*** Begin section ***

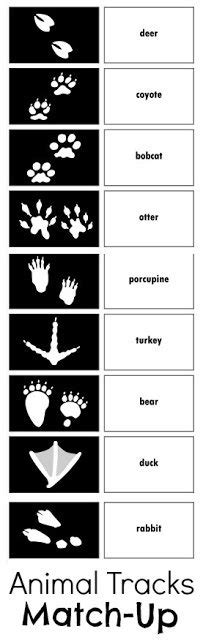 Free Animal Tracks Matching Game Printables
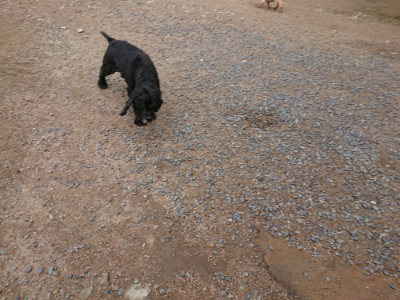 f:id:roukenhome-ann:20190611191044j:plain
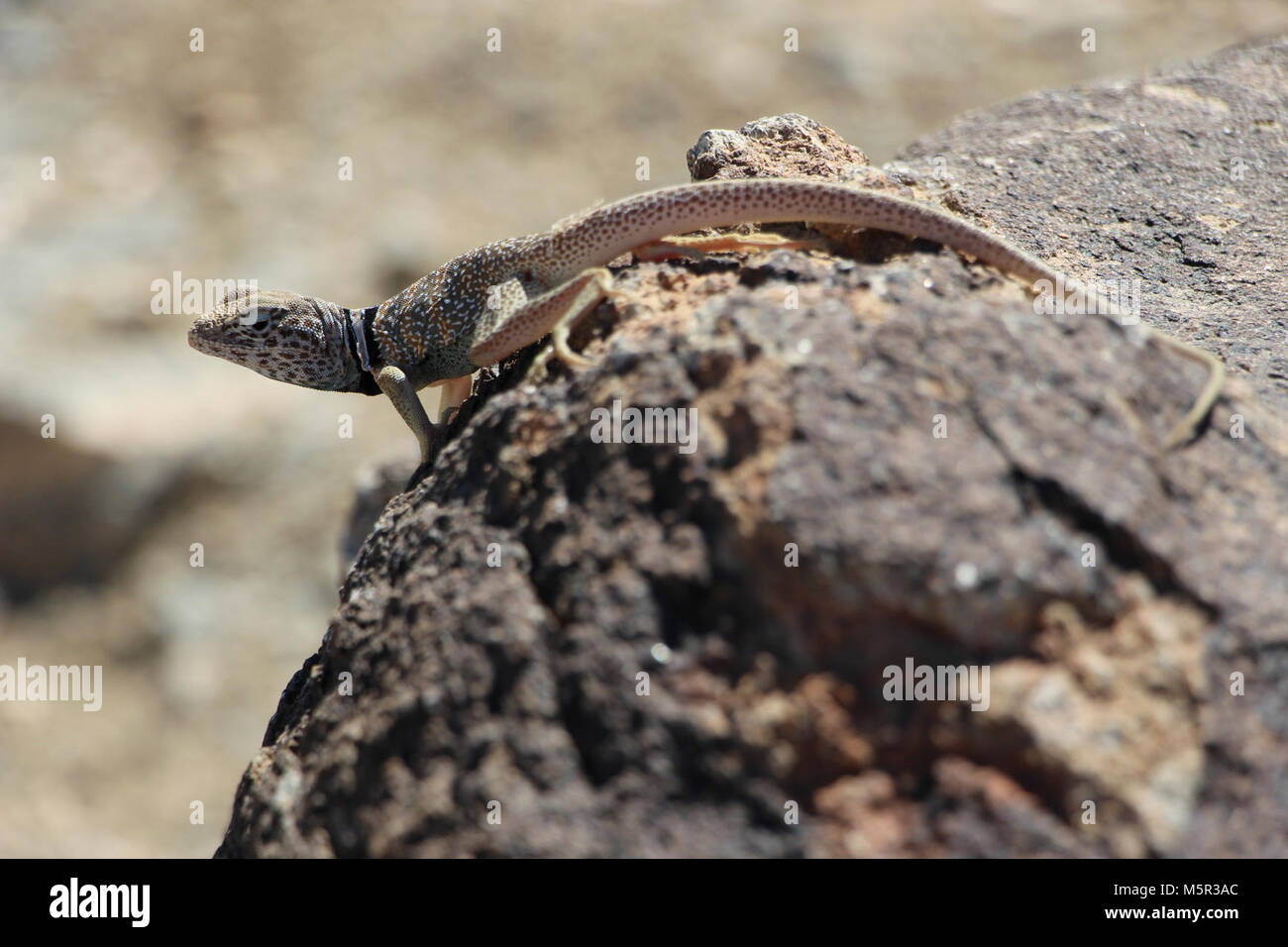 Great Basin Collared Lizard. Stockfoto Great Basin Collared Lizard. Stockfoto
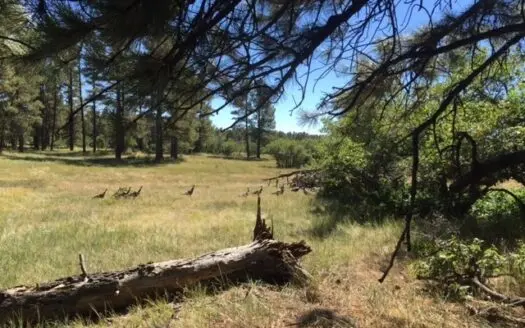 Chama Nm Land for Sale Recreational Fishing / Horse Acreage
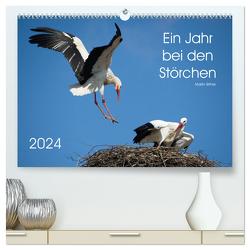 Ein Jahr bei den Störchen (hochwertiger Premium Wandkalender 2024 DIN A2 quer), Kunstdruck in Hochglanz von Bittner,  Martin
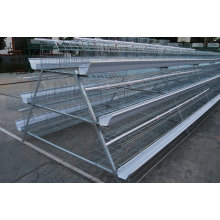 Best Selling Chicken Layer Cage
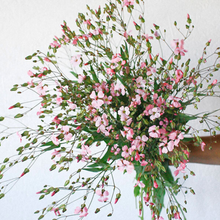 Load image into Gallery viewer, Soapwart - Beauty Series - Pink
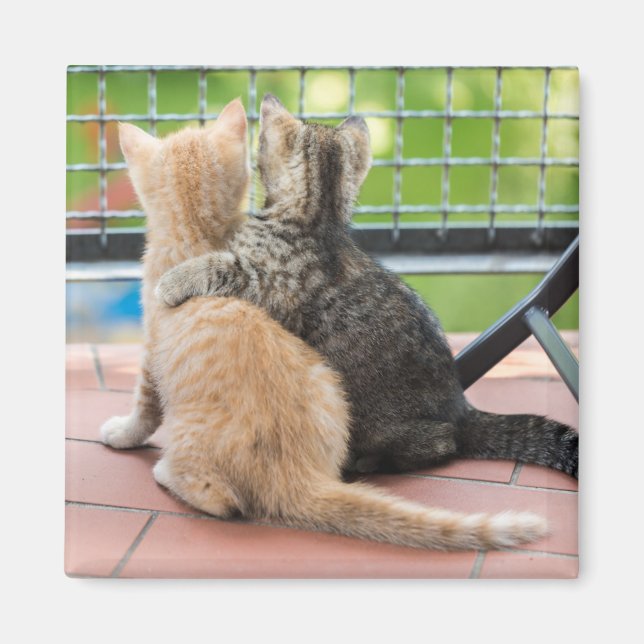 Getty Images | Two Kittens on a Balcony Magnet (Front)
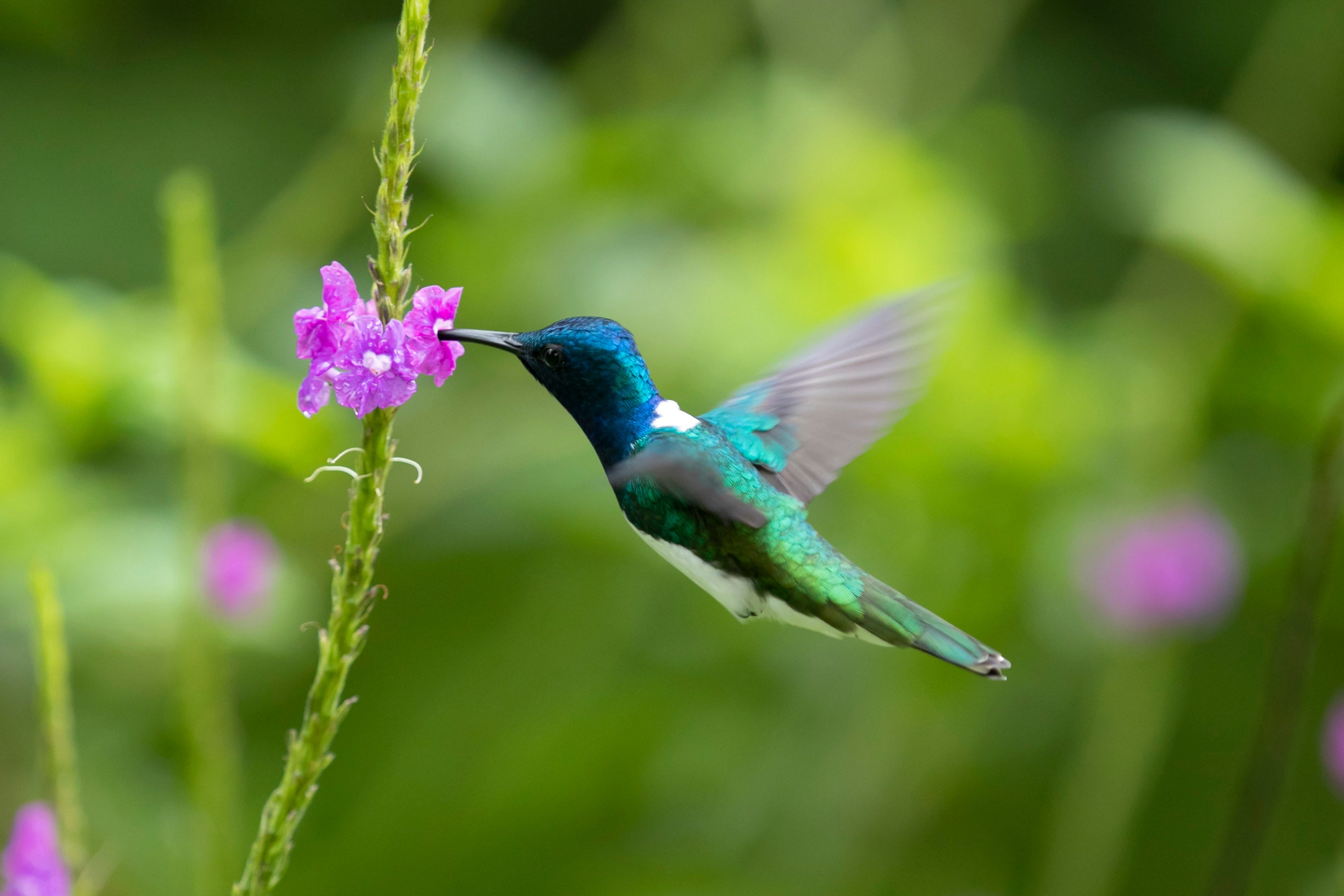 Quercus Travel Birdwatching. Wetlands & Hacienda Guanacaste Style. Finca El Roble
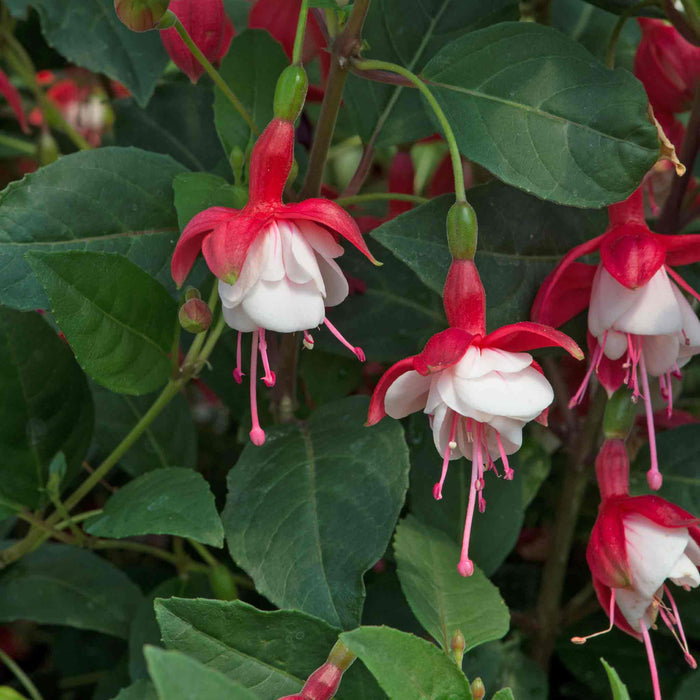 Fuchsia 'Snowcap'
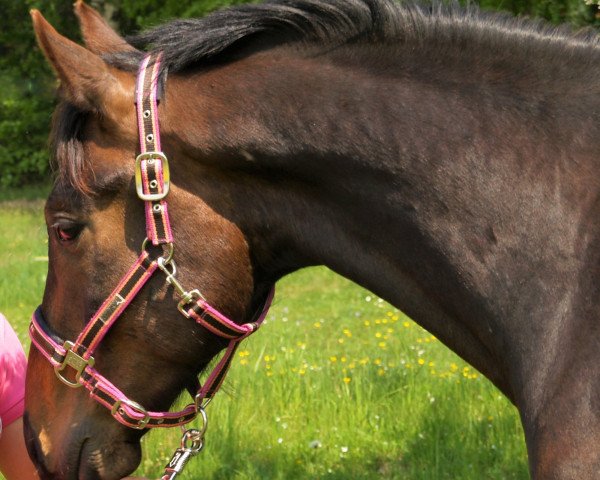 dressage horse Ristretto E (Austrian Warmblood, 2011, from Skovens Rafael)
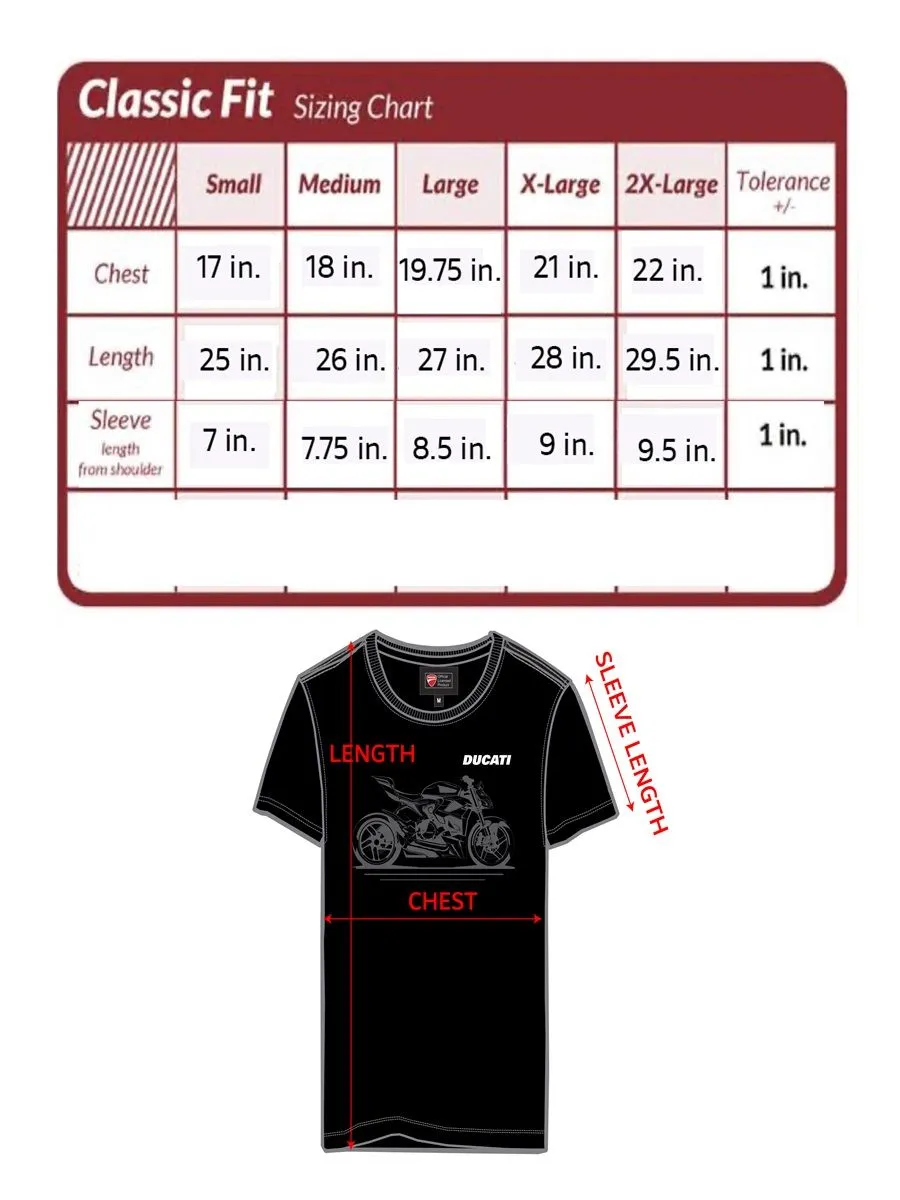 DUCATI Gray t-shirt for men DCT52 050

*** End section ***

# Work to complete:
In the records, the line containing "dressage horse Ristretto" starts the span and the final line ends it. Output exactly that span, both ends included, with no pictures and nothing else.

# Solution:
 dressage horse Ristretto E (Austrian Warmblood, 2011, from Skovens Rafael)
 DUCATI Gray t-shirt for men DCT52 050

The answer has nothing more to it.